53     Comme la Cour suprême l’a mentionné dans l’arrêt Medovarski, précité, au paragraphe 10, l’objectif de la LIPR énoncé à l’article 3 est de donner priorité à la sécurité. Tenant compte de cet objectif, nos tribunaux ont, pour appliquer certaines des dispositions de la section 4 de la LIPR concernant l’interdiction de territoire, donné une interprétation large et sans restriction à des expressions comme « danger pour la sécurité du Canada » et « membre d’une organisation » que l’on trouve à l’article 34 (voir, par exemple, Suresh c Canada (Ministre de la Citoyenneté et de l’Immigration), 2002 CSC 1, au paragraphe 90, [2002] 1 RCS 3; Poshteh c Canada (Ministre de la Citoyenneté et de l’Immigration), 2005 CAF 85, au paragraphe 29, [2005] ACF 381, Harkat (Re), 2010 CF 1241, aux paragraphes 85 à 88, [2010] ACF 1426; Charkaoui (Re), 2005 CF 248, aux paragraphes 35 et 36, [2005] 3 RCF 389).

 

[37]           Dans B010, le juge Noël a conclu qu’il était raisonnable de la part de la Section de l’immigration de définir l’expression « passage de clandestins » à l’article 37 en recourant à l’article 117. Dans son analyse, que l’on trouve aux paragraphes 38 à 64, le juge a conclu que les deux dispositions en question visaient clairement la même activité, et que le fait d’adopter deux définitions différentes créerait une contradiction au sein de la LIPR permettant de reconnaître un individu coupable d’avoir organisé l’entrée illégale de personnes au Canada au sens de l’article 117 sans toutefois le déclarer interdit de territoire au Canada en vertu de l’article 37. Tout en relevant l’existence de deux interprétations contradictoires de la Loi, le juge a estimé que, si l’on appliquait la norme de la décision raisonnable, l’interprétation du tribunal, qui excluait tout élément de profit, appartenait aux issues acceptables.

 

[38]           Pour des raisons de courtoisie judiciaire et parce qu’il souscrivait entièrement à l’analyse du juge Noël dans B010, le juge Hughes a souscrit à cette façon de voir dans B072 c Canada, 2012 CF 899 [B072], affaire qui portait sur la même question.
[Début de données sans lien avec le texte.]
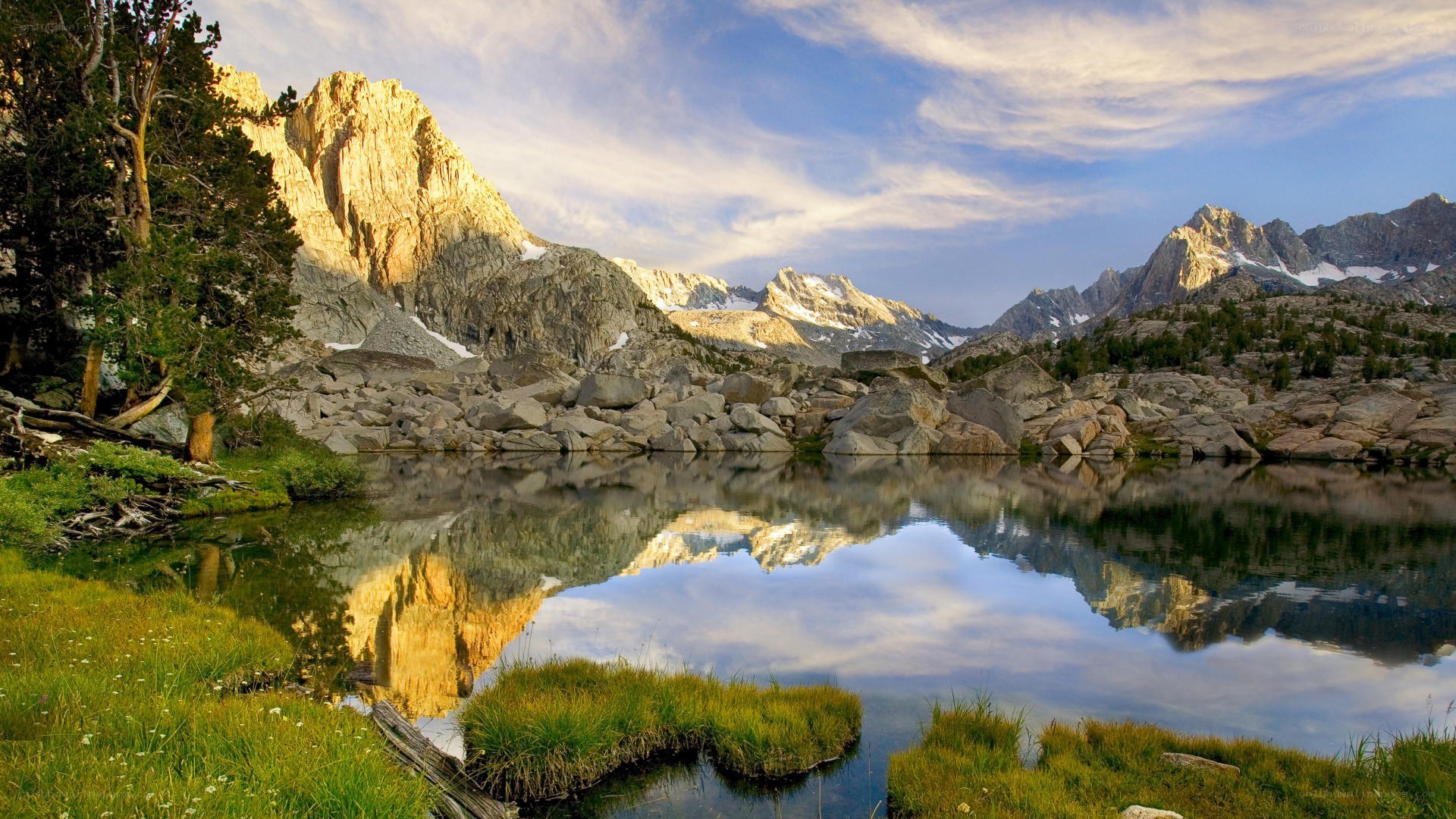 Mountain lake reflection at sunrise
Dans la décision Hernandez, précitée, le juge Zinn est arrivé pour sa part à une conclusion différente. Il a estimé que le passage de clandestins au sens du paragraphe 37(1)b) comportait un élément de profit. L’application de la norme de contrôle de la décision correcte exigeait l’infirmation de la décision du tribunal.

 

[39]           Dans B306 c Canada (Ministre de la Sécurité publique et de la Protection civile), 2012 CF 1282, le juge Gagné a établi une distinction entre les faits de l’affaire dont il était saisi et ceux de l’affaire B010, précitée. Dans l’affaire B306, le demandeur avait abordé un membre de l’équipage du navire à moteur Sun Sea pour lui demander de cuisiner pour les membres de l’équipage en échange de nourriture additionnelle. On lui avait également confié une tâche quotidienne de vigie. Sa situation était différente de celle du demandeur dans l’affaire B010, dans laquelle le tribunal avait conclu que le demandeur avait embarqué en sachant qu’il ferait partie de l’équipage. De même, en l’espèce, le demandeur ne faisait pas partie de l’équipage au début du voyage.

 

[40]           Le juge Gagné a conclu que « même si la Cour doit faire preuve de retenue à l’égard de l’interprétation large qui est faite de l’alinéa 37(1)b) de la LIPR » (au paragraphe 25), le tribunal avait tiré une conclusion déraisonnable en estimant que le demandeur avait la mens rea nécessaire pour être considéré comme un passeur. Il était déraisonnable de la part du tribunal de ne pas tenir compte du contexte de dépendance et de l’absence de rôle d’autorité du demandeur dans cette opération de passage de clandestins (aux paragraphes 34 et 35). La simple connaissance du fait que les autres passagers n’étaient pas munis des documents requis pour entrer au Canada ne pouvait raisonnablement justifier la conclusion que le demandeur s’était livré à l’activité de passage de clandestins au sens de l’alinéa 37(1)b) (au paragraphe 36).

 

[41]           Je relève qu’à strictement parler, l’alinéa 117(1) ne définit pas le « passage de clandestins ». Il énumère les éléments constitutifs de l’infraction consistant à aider et à encourager une entrée illégale. Ainsi que le juge Gagné l’explique, il faudrait démontrer l’intention pour établir la culpabilité de l’intéressé. Par exemple, condamner le demandeur J.P. au vu des faits de l’espèce exigerait qu’une cour criminelle soit convaincue hors de tout doute raisonnable qu’il avait l’intention d’« aider et d’encourager » la perpétration de l’infraction par les organisateurs de l’opération.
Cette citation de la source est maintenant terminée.